Stephen Haarsma conducted the High Court case of R v Byrnes (1995) 183 CLR 501, the leading authority providing interpretation of the directors’ statutory duty not to act with impropriety.

The case involved a complex situation where the director was an officer of two companies.

The High Court found that:

  • there does not need to be proof that an advantage has been gained by the director or any other person or that detriment has been caused to the corporation;
  • improper use can exist without a purpose to cause detriment to the corporation;
  • an objective to gain advantage can exist without a purpose to cause detriment to the corporation.

The High Court also made the following significant remarks:

Impropriety does not depend on an alleged offender’s consciousness of impropriety. Impropriety consists in breach of the standards of conduct that would be expected of a person in the position of the alleged offender by reasonable persons with the knowledge of the duties, powers and authority of the position and the circumstances of the case.

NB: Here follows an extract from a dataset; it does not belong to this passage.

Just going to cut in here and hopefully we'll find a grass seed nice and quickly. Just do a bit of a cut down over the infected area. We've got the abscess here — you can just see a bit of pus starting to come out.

Brennan, Deane, Toohey and Gaudron JJ also stated in relation to conflict of duties (at 516-517)

A company is entitled to the unbiased and independent judgment of each of its directors. A director of a company who is also a director of another company may owe conflicting fiduciary duties. Being a fiduciary, the director of the first company must not exercise his or her powers for the benefit or gain of the second company without clearly disclosing the second company’s interests to the first company and obtaining the first company’s consent. Nor, of course, can the director exercise those powers for the director’s own benefit or gain without clearly disclosing his or her interest and obtaining the company’s consent.